American actor (1878–1962)

John Leroy Atwell (May 2, 1878 – February 6, 1962) was an American actor and comedian. He was known for playing characters that misdeliver their lines or stammer, most notably Doc from Walt Disney's Snow White and the Seven Dwarfs.

==Early life==
Atwell, son of Joseph Addison Atwell, was born on May 2, 1878, in Syracuse, New York. He was educated at the Sargent School of Acting.

Atwell was a direct descendant of Joseph Atwell (1754–1834), a Revolutionary War soldier who in 1792 purchased land in the military tract in New York and built a house ("Atwell's Corners") in what is today Pompey Hollow, south of Syracuse, near Cazenovia.

== Career ==
Atwell appeared in 34 films between 1914 and 1947, primarily playing cameos or portraying characters that comedically messed up their dialogue, and was famous for voicing Doc the Dwarf in Disney's feature film, Snow White and the Seven Dwarfs.
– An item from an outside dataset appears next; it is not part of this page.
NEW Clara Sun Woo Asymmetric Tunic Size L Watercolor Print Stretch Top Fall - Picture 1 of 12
As well as his film work, he appeared in several Broadway productions, including The Little Missus, The Mimic World, Oh, My Dear!, The Firefly, Apple Blossoms, and How's Your Health? He was a member of the Fortune Gallo's San Carlo Opera Company.

When Atwell began working on Broadway, he had a role, as a serious actor, in which he was to deliver the following line: "It is spring and all the little birds are twittering in the tree tops." Being new and somewhat on edge, what Atwell actually did say was: "Tis ting and the twits are birdering in the tree flops." Atwell fully expected to be dismissed, but the misdelivered line drew a big laugh from the audience and, after the show was over, he was congratulated and asked to repeat it the next night. His unwitting comedic success caused Atwell to make the change from being a dramatic actor to becoming a comedian.
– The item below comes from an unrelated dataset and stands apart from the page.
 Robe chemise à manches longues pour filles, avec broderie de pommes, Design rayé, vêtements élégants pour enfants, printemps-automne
Atwell joined ASCAP in 1957. He composed the popular song "Some Little Bug is Going to Find You" and wrote the words to a song called "When a Piece of Toast Climbs Your Bedpost with a Cigar."

== Personal life ==
Atwell was married three times: to Blanche West (1907–?), Dorothy Young (1913–1916), and Ethel Smith (1916–1936).

==Filmography==
- 1922: Don't Get Personal as Horace Kane
- 1922: Red Hot Romance as Jim Conwell
- 1922: Grand Larceny as Harkness Boyd
- 1922: The Heart Specialist as Winston Gates
- 1922: South of Suva as Marmaduke Grubb
- 1923: Souls for Sale as Arthur Tirrey
- 1926: The Outsider as Jerry Sidon
- 1933: Crashing the Gate (Short)
- 1933: The Little Broadcast as Announcer
- 1936: The Harvester as Jake Eben
- 1937: Varsity Show as Prof. Washburn
- 1937: Behind the Mike as Vale
- 1937: Snow White and the Seven Dwarfs as Doc (voice, uncredited)
- 1939: Honolulu as Bearded Man on Ship (uncredited)
- 1939: Bridal Suite as Professor Kockerthaler (uncredited)
- 1942: The Fleet's In as Arthur Sidney
- 1946: People Are Funny as Mr. Pippensiegal
- 1946: Gentleman Joe Palooka as Senator Sam H. Smiley
- 1946: Abie's Irish Rose as Dick Saunders
- 1947: Where There's Life as Salesman (final film role)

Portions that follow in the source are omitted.